It was the harbinger of doom.
Oh, okay.
But again...
Not the mothman
fucked up the bridge,
more of like the mothman as a warning.
Yes, the mothman was bringing warning of doom
and the herald of destruction.
It became popular opinion
that mothman's sightings
were a sign that
disaster was coming.
People have claimed to have seen
the Moth Man before Chernobyl
before the awful tsunami
in Japan that wiped out the
Fukushima reactor
I believe there was an apartment bombing
in Russia that people
saw the Mothman and even 9-11
people are claiming
they saw the Mothman before 9-11
and it was the Herald. Oh no
Mothman, Mothman burn
a second Moth has hit the tower
Mr. Bush. Yeah
and then there was also
the popularity of the Mothman
Prophecies book and movie
which also pretty much painted Mothman in this
manner as sort of like this mythical
creature. It's the harbinger of disaster and doom.
I think in the movie the main character's
wife sees the Mothman and then she dies.
When was this movie made?
2001.
Oh, recent.
Fairly recent.
The book and movie.
I think it was 2000, 2001 was the movie.
The book was before.
I'm not sure when the book was written to be fair.
Oh, wow.
Okay.
All right, all right.
The movie was in our lifetime.
Yeah, yeah.
Though at the time of the collapse of the Silver Bridge,
that pretty much killed,
killed the local's interest or desire to indulge in the Mothman.
legend. This absolutely horrible tragedy had just occurred. The town was grieving. And it just,
it didn't seem like this stupid urban legend was something anyone should waste their time on.
You know, we have more important things to do, more important things to grieve. And this urban
legend is just whatever. So, I'm imagining superstition hid into it too, where it's like,
no more talking about the moth man. This has happened because of the moth man.
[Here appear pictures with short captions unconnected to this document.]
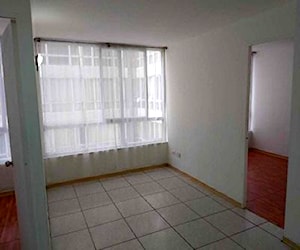 Arriendo Departamento recién pintado. 2 dormitorio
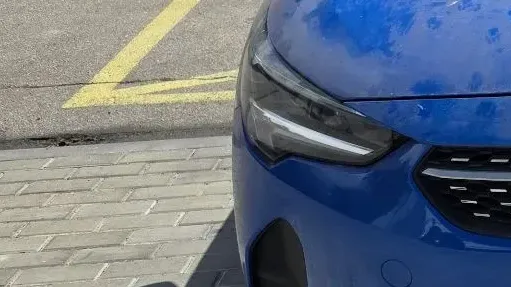 Phare avant Droit OPEL Corsa F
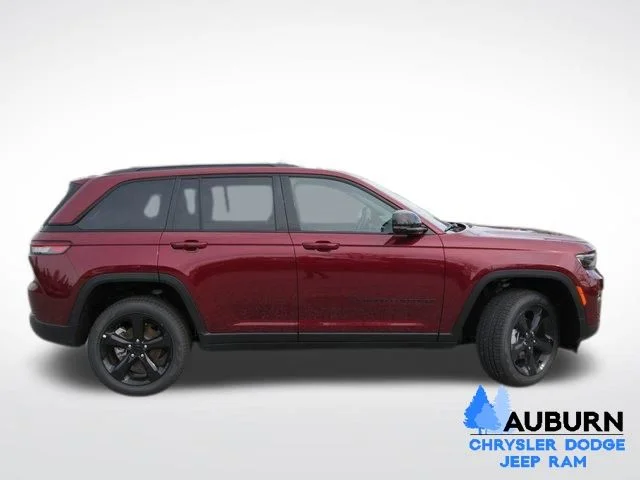 New 2025 Velvet Red Pearl-Coat Exterior Paint Jeep Limited image 2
Oh yeah, that could be too
You know even people that maybe did believe in it
Were just like oh dude like
Let's not even talk about it
Because who knows what could happen if
The moth man did this to us
Because we were trying to seek it out
This is punishment for
For trying to find them
Yep
So like UFO sightings
Talks of government involvement
Because there were people that thought there was like
I saw a couple sources
Literally called them the M.I.
be like men in black, like government agents that were wandering around doing some shady stuff
in Point Pleasant. And even just Mothman sightings in general, they all just seemed to kind of
slowly fade away. Like nobody wanted to talk about that anymore, for whatever reason.
But in 2002, the Mothman legacy would be sort of revived. There weren't like any new sightings.
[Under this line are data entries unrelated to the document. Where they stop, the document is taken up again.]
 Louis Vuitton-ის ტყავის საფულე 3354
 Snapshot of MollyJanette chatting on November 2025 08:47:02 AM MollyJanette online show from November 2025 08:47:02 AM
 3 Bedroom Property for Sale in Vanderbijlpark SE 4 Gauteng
or anything like that, in Point Pleasant anyway.
But Point Pleasant would hold its first annual Mothman Festival
to commemorate the first sighting of the cryptic in 1966
and celebrate the town's storied history.
Granted, it was more of a way to try to get tourism up
and convince people to visit Point Pleasant and spend money, but still!
And, man, Point Pleasant,
Really, really leaned into the whole Mothman thing from that point on.
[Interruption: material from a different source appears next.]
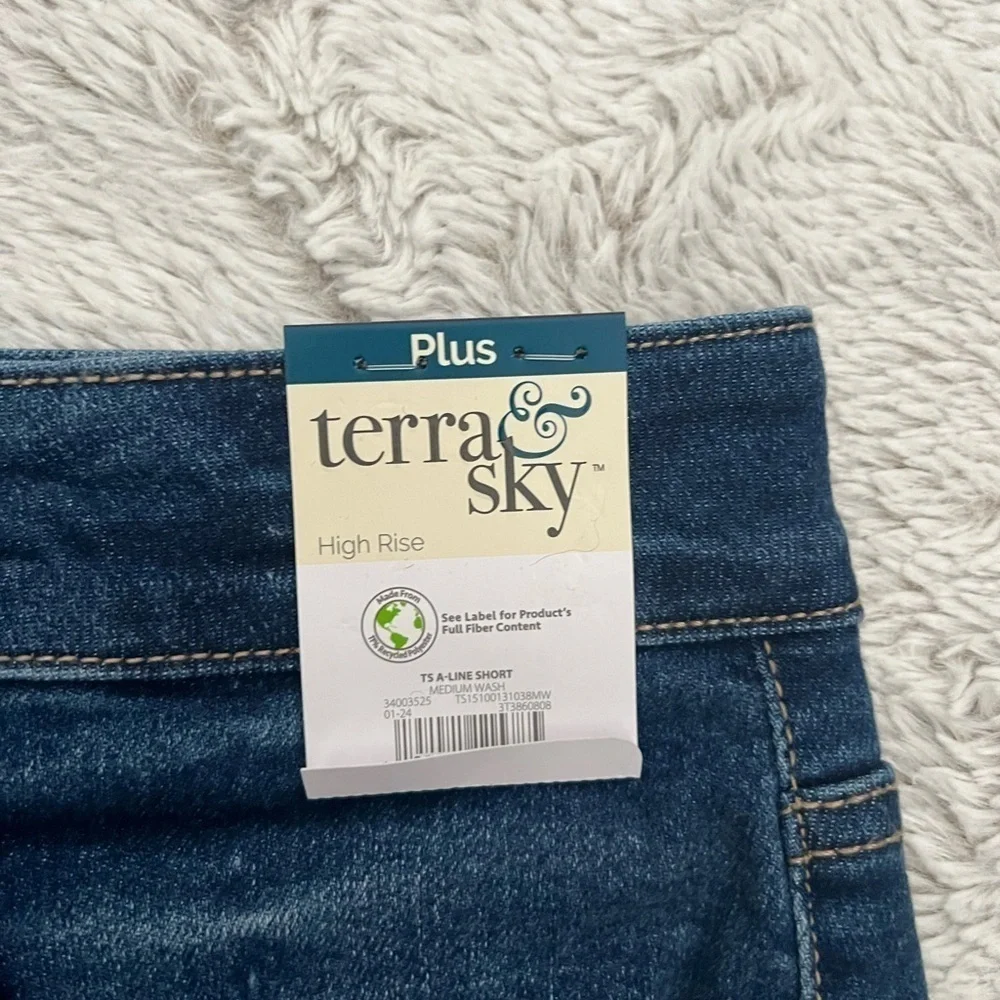 NWT Terra & Sky Denim Shorts Size 20W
There's this really awkward looking 12-foot statue of Mothman,
big silver statue with beaming red eyes,
smack dab in the middle of Point Pleasant.
Shai just put a picture up of it.
Look at that thing.
Oh my God.
Oh, my good God.
Is he have chest hair?
He has like a 12-Bats.
Shy, show him the picture of the Moth Man's ass.
He's got to see it.
Huge, he's shredded to shit.
He's shredded.
And he's got like, he's got like curly ass chest hair.
Look at those toned glutes.
Look at them.
Look at them.
Amazing.
Oh my god.
Oh my god.
My god.
My man works out.
Are you sure?
The furries are going hard with this.
But it looks like it's straight.
out of like Godzilla or Ultraman.
Take him to Ultramar.
There's also a Mothman museum.
There is a Mothman cafe
where you can buy Mothman droppings.
Which are just black candy-coated chocolates.
There's a pizza joint that makes a Mothman pizza
where the toppings on the pizza are artistically placed to look like a moth.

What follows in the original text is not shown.